How to collect process-local state after multiprocessing pool imap_unordered completes

After using a Pool from Python's multiprocessing to parallelize some computationally intensive work, I wish to retrieve statistics that were kept local to each spawned process. Specifically, I have no real-time interest in these statistics, so I do not want to bear the overhead that would be involved with using a synchronized data structure in which statistics could be kept.

I've found some suggestions where the idea would be to use a second pool.map() with a different function which returns the state local to its worker. I believe this to be incorrect since there is no guarantee that this second invocation would lead to exactly one job being distributed to every worker process in the pool. Is there a mechanism that would achieve this?

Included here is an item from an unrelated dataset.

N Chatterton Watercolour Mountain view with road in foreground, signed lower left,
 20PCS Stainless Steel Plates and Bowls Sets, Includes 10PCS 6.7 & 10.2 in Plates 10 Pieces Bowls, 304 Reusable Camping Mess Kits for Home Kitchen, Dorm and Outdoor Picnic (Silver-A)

Skeleton snippet where it's unclear what can be done after the imap_unordered() completes.

import multiprocessing as mp
import random

local_stats = {"success": 0, "fails": 0}

def do_work(_):
  if random.choice([True, False]):
    local_stats["success"] += 1
  else:
    local_stats["fails"] += 1


if __name__ == "__main__":
  with mp.Manager() as manager:
    with mp.Pool(processes=2) as pool:
      results = list(pool.imap_unordered(do_work, range(1000)))

      # after .imap_unordered() completes, aggregate "local_stats" from each process in the pool
      # by either retrieving its local_stats, or having them push those stats to the main process
      # ???

Solution

IDK if this is the best solution (could you just log to a file as you go, then parse the files from each child afterwards?), but you mentioned ensuring a task is evenly distributed to all workers. This would commonly be achieved with a Barrier. It is somewhat difficult to pass certain things to child processes like locks queues and such so we will pass it as an argument to the initialization function for all child processes. Here's an example:

import multiprocessing as mp
import random

local_stats = {"success": 0, "fails": 0}

def do_work(_):
    global local_stats
    if random.choice([True, False]):
        local_stats["success"] += 1
    else:
        local_stats["fails"] += 1

def init_pool(barrier):  # save barrier to child process globals as pool init (barrier must be sent to child at process creation)
    global sync_barrier
    sync_barrier = barrier

def return_stats(_):  # needs dummy arg to call with "map" functions
    global sync_barrier
    sync_barrier.wait()  # wait for other processes to also be waiting
                         # may raise BrokenBarrierError
    global local_stats
    return local_stats

if __name__ == "__main__":
    nprocs = 2  # re-use number of processes with barrier and pool constructor to make sure you use the same number
    barrier = mp.Barrier(nprocs)
    with mp.Pool(processes=nprocs, initializer=init_pool, initargs=(barrier,)) as pool:
        results = list(pool.imap_unordered(do_work, range(1000)))

        stats = list(pool.imap_unordered(return_stats, range(nprocs), 1))  # force chunksize to 1 to ensure 1 task per child process
        print(stats)